Should anti-bank activists picket executives' homes?
We've seen anti-bank protesters step up their activity lately. I can't remember a time when banks have prompted so many street demonstrations, which in general are a fine way for people to exercise their first amendments rights. But what about when protesters show up at the homes of executives and lobbyists?
We saw this at the home of a few AIG executives. We saw it more recently in Washington, D.C., when protests organized by the Service International Employees Union (SEIU) and Chicago-based National People's Action were staged outside the homes of Gregory Baer, a deputy counsel for Bank of America, and Peter Scher, an executive and lobbyist for JPMorgan Chase. Protesters chanted "Bank of America: bad for America." Baer just happens to live next door to a Fortune journalist who wrote:
"Waving signs denouncing bank ‘greed,' hordes of invaders poured out of 14 school buses, up Baer's steps, and onto his front porch. As bullhorns rattled with stories of debtor calls and foreclosed homes, Baer's teenage son Jack-- alone in the house--locked himself in the bathroom. ‘When are they going to leave?' Jack pleaded when I called to check on him.
"Baer, on his way home from a Little League game, parked his car around the corner, called the police, and made a quick calculation to leave his younger son behind while he tried to rescue his increasingly distressed teen. He made his way through a din of barked demands and insults from the activists who proudly ‘outed' him, and slipped through his front door.
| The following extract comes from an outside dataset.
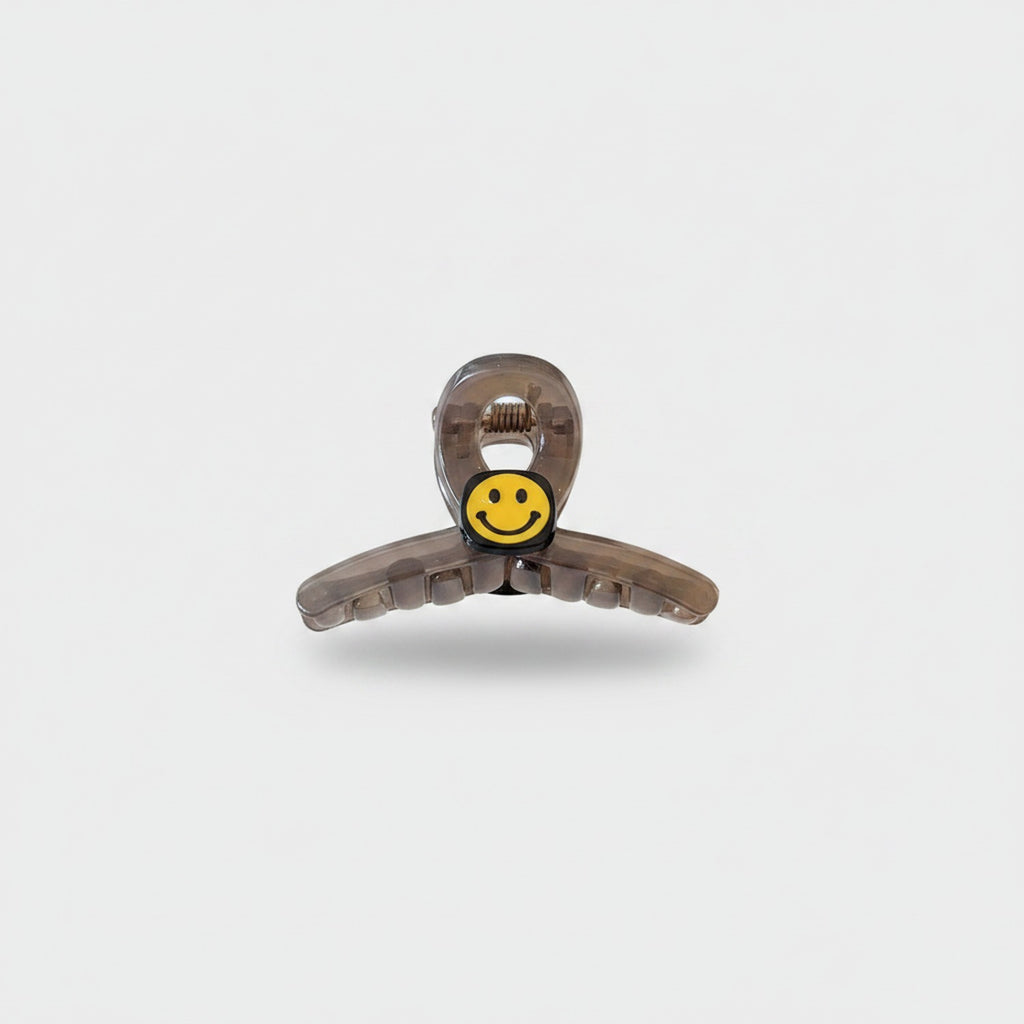 Smiley Face Brown Tortoiseshell Hair Claw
" ‘Excuse me,' Baer told his accusers, ‘I need to get into the house. I have a child who is alone in there and frightened.' "
The journalist called the protest "a mob."
The SEIU added to the story. It says Easton "came storming across her lawn, screaming at us to shut up and go away--telling us we had no business being there." It notes that Easton is married to a former lobbyist turned Republican strategist and consultant to corporate clients, suggesting she was too cozy with the banks. It called her Fortune article a rant.